Putting It All Together

Multi-parameter optimization is the most intellectually demanding phase of drug design. It requires balancing competing objectives, making explicit trade-offs, and navigating a high-dimensional property landscape where every direction has both benefits and costs. The weighted scoring function provides a practical framework for converting expert judgment into quantitative rankings. Pareto front analysis preserves the full trade-off structure for decisions where a single score is insufficient.

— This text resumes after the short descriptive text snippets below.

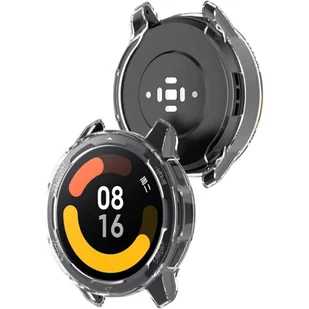 Etui silikonowe Alogy Case do Xiaomi Mi Watch S1 Active Global Przezroczyste - Akcesoria do smartwatchy - miniaturka - grafika 3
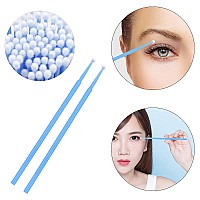 300 Pcssets Eyelash Extension Supplies Disposable Micro Swab Brush Match Eyebrow Spoolie Lip Brush Mascara Wand Applicator Masc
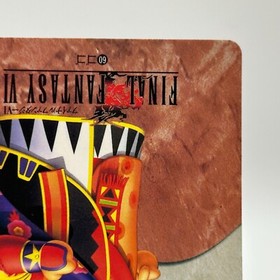 Gogo 60 Final Fantasy VI Card TCG  Games Famicom Collection Japan 1995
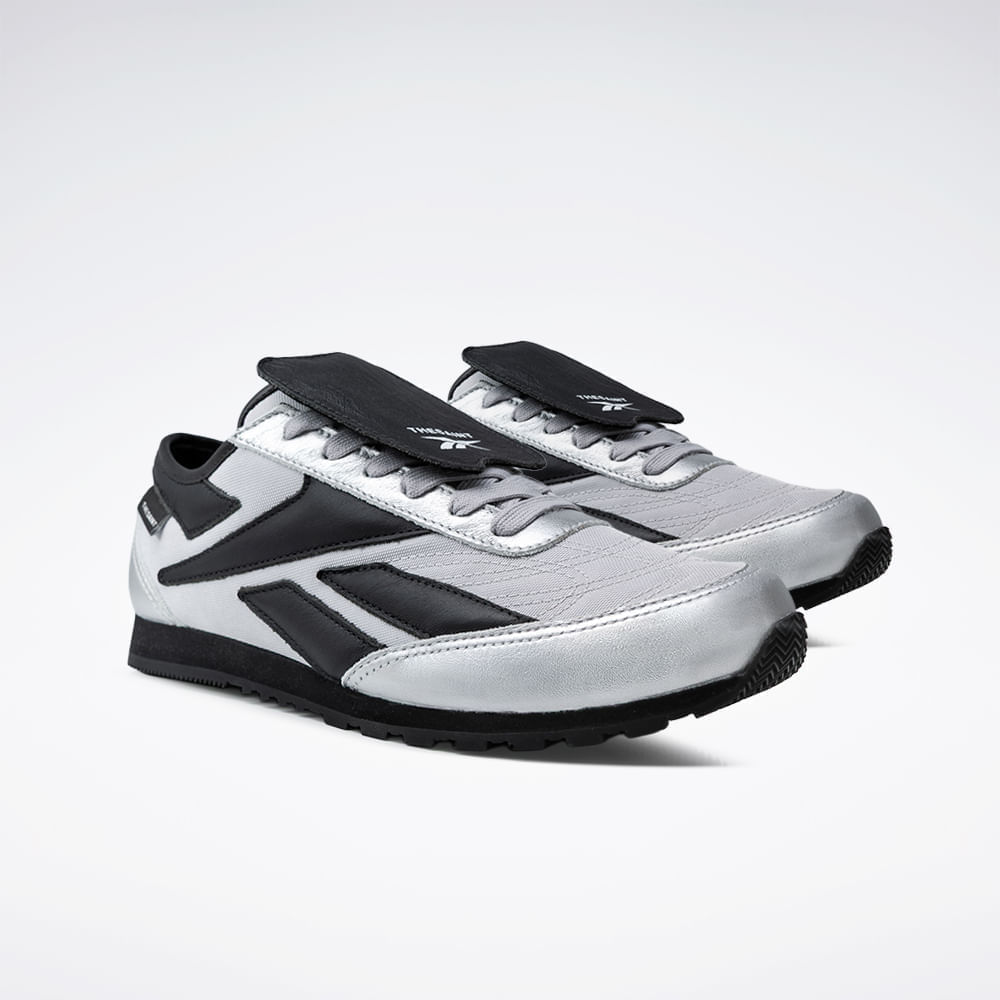 Tênis Reebok & Thesaint Alquat Unissex – prata – foto 2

SciRouter's computational pipeline – molecular properties for physicochemical descriptors, ADMET-AI for safety predictions, synthesis check for manufacturability, and REINVENT4 for analog generation – provides all the inputs needed for automated MPO. Generate hundreds of candidates, score them against your custom desirability functions, extract the Pareto front, and select the top candidates for synthesis. What traditionally required months of iterative design-make-test cycles becomes a computational exercise that produces a prioritized synthesis queue in minutes.

The molecules that emerge from this process are not just computationally optimal – they are rationally designed with explicit, documented justification for every trade-off. That transparency accelerates regulatory interactions, strengthens patent filings, and builds institutional knowledge that compounds across every future program.